En acceptant de revenir à Poudlard via le réseau de Cheminette, elle s'était attendue à devoir justifier sa présence impasse du Tisseur, quelques jours plus tôt. Elle ne s'était pas trompée. La Directrice la dévisageait par-dessus ses lunettes carrées, lèvres pincées, son regard persan plus perçant que jamais.

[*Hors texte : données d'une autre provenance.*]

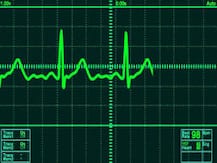 শেষকৃত্যের সময় বেঁচে উঠলেন ‘মৃত’ বৃদ্ধা!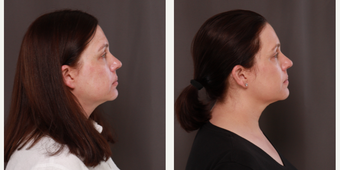 before and after image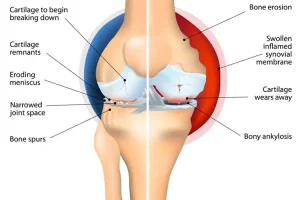 Osteoarthri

- Je pense que vous me devez quelques explications. Je crains de ne pas avoir les éléments nécessaires pour comprendre la globalité de la situation et j'espère de tout cœur que vous pourrez me les fournir.
Ses doigts tambourinaient sur le plateau acajou du bureau. Hermione était mal à l'aise. Quelle réponse apporter à ce qui n'était pas une question ? Comment ne pas en dire trop et... que dire, en fait ?
- Puis-je m'asseoir, professeur ?
- Faites. Je ne vous propose pas de thé, il est froid, à présent.
- Je ne sais pas par où commencer...
- Vous pourriez... par exemple, me donner l'objet de votre visite au domicile personnel du professeur Rogue ?
Hermione déglutit avec difficulté : en plus d'avoir le mensonge en horreur, elle abhorrait par-dessus tout la perspective de décevoir la Directrice de Poudlard et de la maison Gryffondor, qu'elle estimait tant.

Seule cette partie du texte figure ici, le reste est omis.